Ecosystem Mass-Balance and Simulation Models
Ecosystem level models have been developed for the eastern and western Bering Sea and are under final development for the Gulf of Alaska and Aleutian Islands. Current models include separate accounting dynamics for over 120 species or species groups and include simulation of multiple gear and fishing methods and age-structured simulation of major commercial fish. Bayesian Synthesis techniques are being implemented to better estimate the relative impacts of predation, climate and fishing on marine populations, and methods of linking these simulation models to climate and lower-trophic level production are under development (Aydin et al. 2005).

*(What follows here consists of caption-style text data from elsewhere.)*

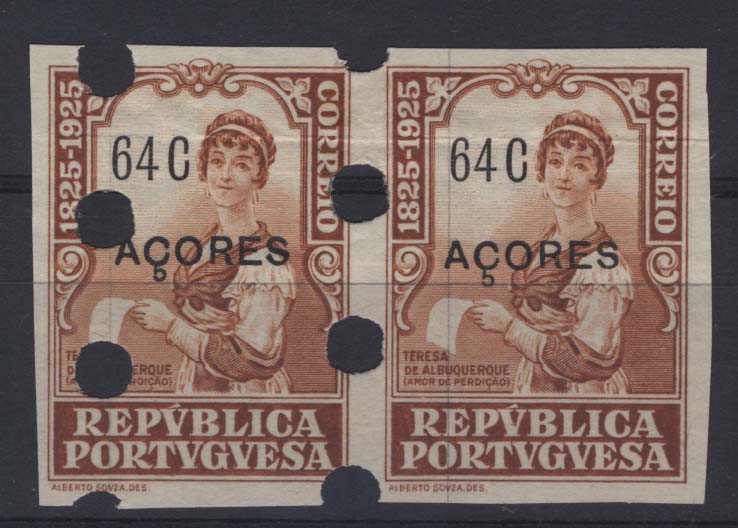 1034.jpg -     Lote:    1034            Açores       Descrição:         1925 &mdash; Centenário do Nascimento de Camilo Castelo Branco, com sobrecarga Açores. CE231, 64C castanho amarelo. Par horizontal de provas não denteadas, com furos de segurança da casa impressora.        PRV       Valor Base:     &euro; 10,00     Valor Venda:     Retirado     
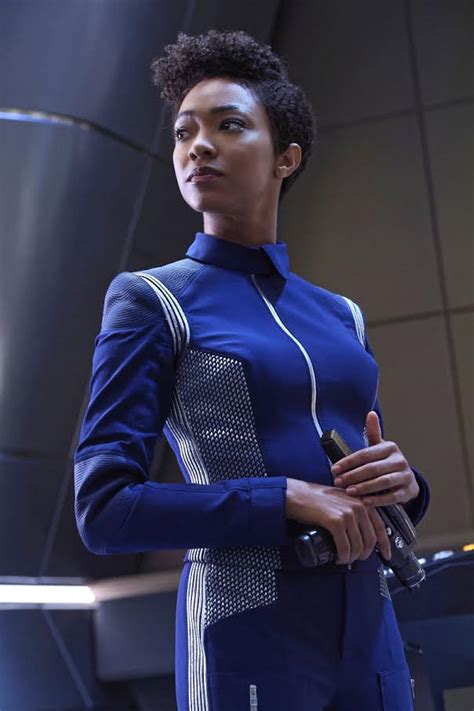 How Burnham Got Her Groove On In Episode 7 Of Star Trek Discovery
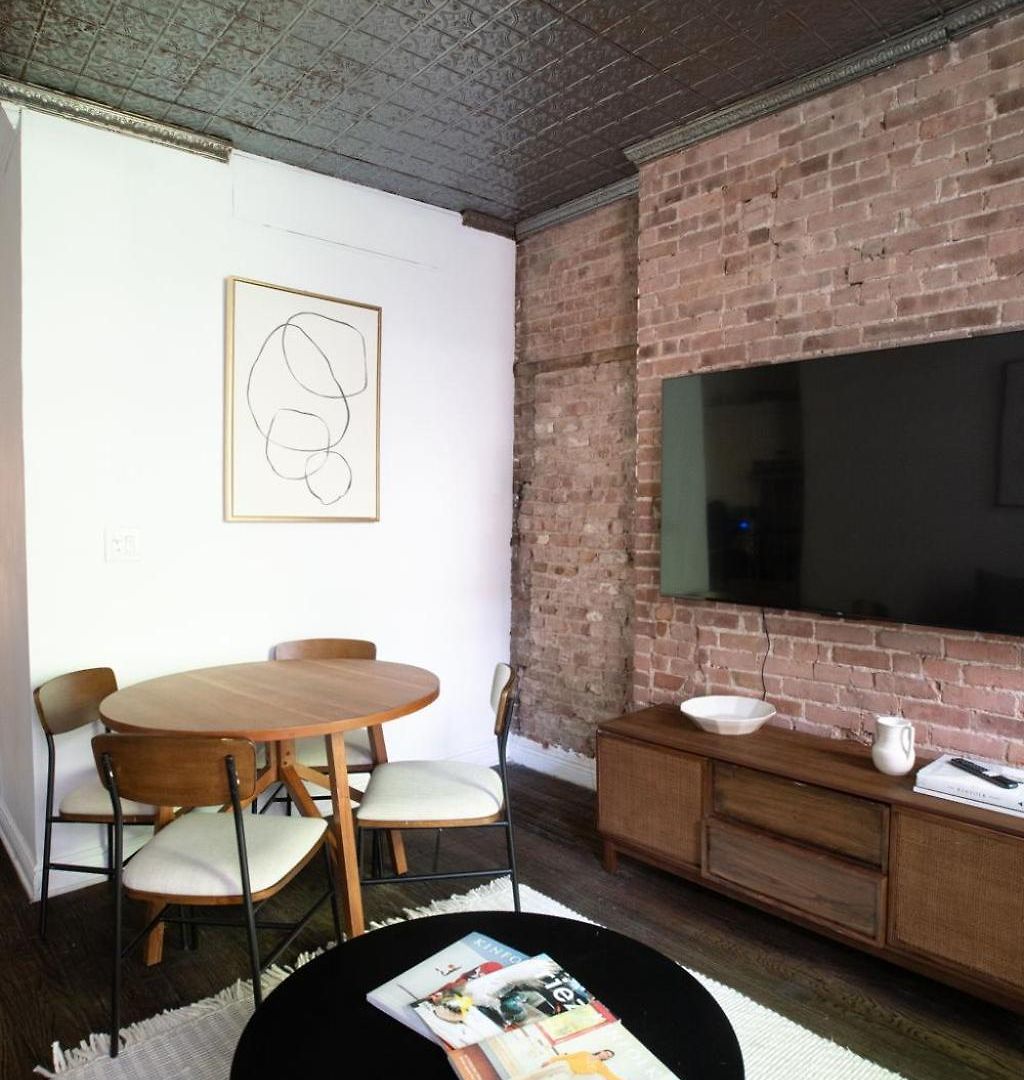 Apartment Sophisticated 2bd On Barrow Street, Greenwich Village *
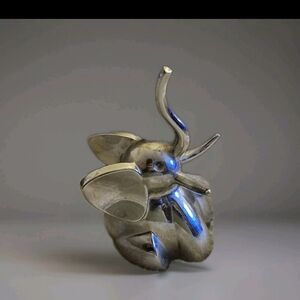 Silver Elephant Figurine Ring Holder Home Art Decor - Silver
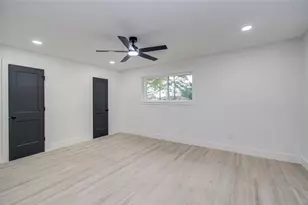 12011 Cherry Point Dr, Mont Belvieu, TX 77535 - Photo 15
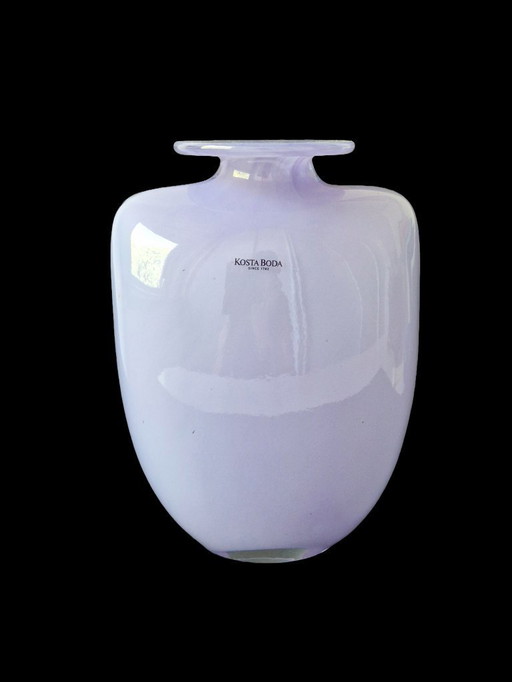 Kosta Boda - "Swing" vase by Kjell Engman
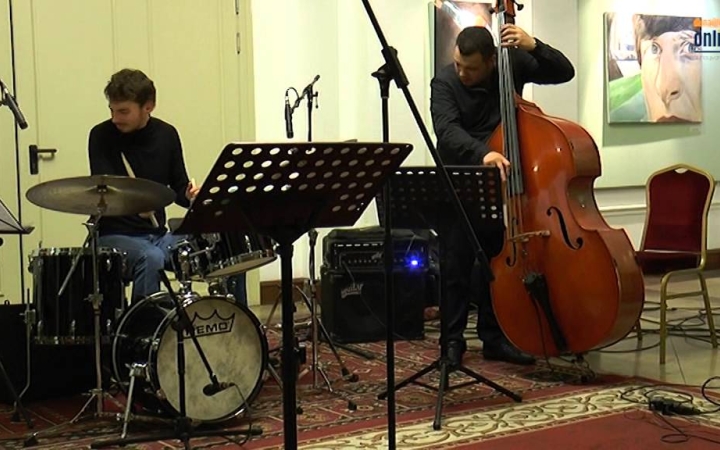 Embedded thumbnail for Évzáró koncert a Művészben - DO-videó második rész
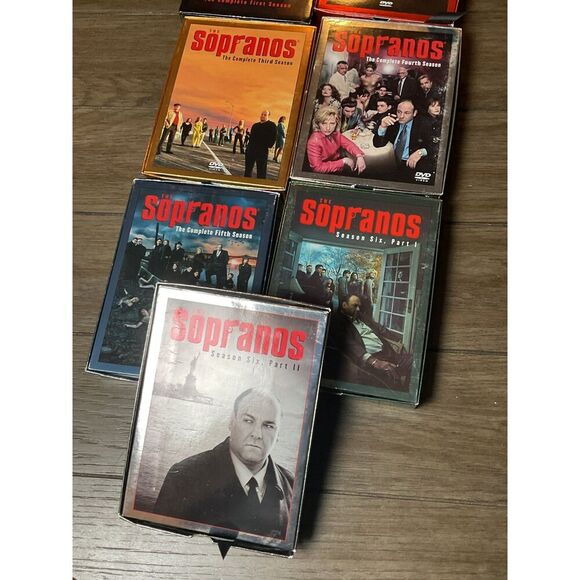 The Sopranos Complete Series - Picture 3 of 6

- Aydin, K., GA. McFarlane, JR. King, BA. Megrey, and KW. Myers. 2005. Linking oceanic food webs to coastal production and growth rates of Pacific salmon (Oncorhynchus spp.), using models on three scales. Deep-sea Res, II. 52: 757-780
Single-Species Stock Assessment Models that Include Predation
So far we have developed two of these models: one for Eastern Bering Sea pollock (Livingston and Methot 1999) and one for Gulf of Alaska pollock (Hollowed et al, 2000). We are planning on doing one for Aleutian Islands Atka mackerel in the near future. The idea of these models is that we can better examine the sources and time trends of natural mortality for these predators. We have learned that not only is natural mortality at younger ages much higher than adults but that it varies across time depending on time trends in predator stocks. This has given us better ideas of what influences predation has on fish recruitment over time and helps us to separate predation and climate related effects on recruitment. We can better show the demands of other predators such as marine mammals for a commercially fished stock and how it might influence the dynamics of that stock (although there is need for more progress in modeling the effects on marine mammals). These models will be updated periodically.
Pollock cannibalism and predation on pollock by Pacific cod and northern fur seals were added to a Bering Sea pollock population model. Results indicated cannibalism was the dominant source of predation mortality, particularly of juvenile pollock and predation mortality varied on a year-to-year basis. Cannibalism appears to explain a large portion of the declining recruitment seen during periods of high adult pollock biomass (Figure 1) although the largest recruitment outliers from the estimated stock-recruitment relationship appear to be years with anomalous oceanographic conditions.
Current Model Work
The Gulf of Alaska pollock model is being updated in 2003-2004 to include two new years of groundfish food habits data and to address questions of arrowtooth flounder influence on pollock population dynamics.
Bioenergetic modeling of groundfish is important to quantify the relationship between fish growth, prey availability, and physical factors on the amount of food consumed by groundfish. A bioenergetic model of walleye pollock has been developed for the eastern Bering Sea (Buckley and Livingston, 1994; 1996).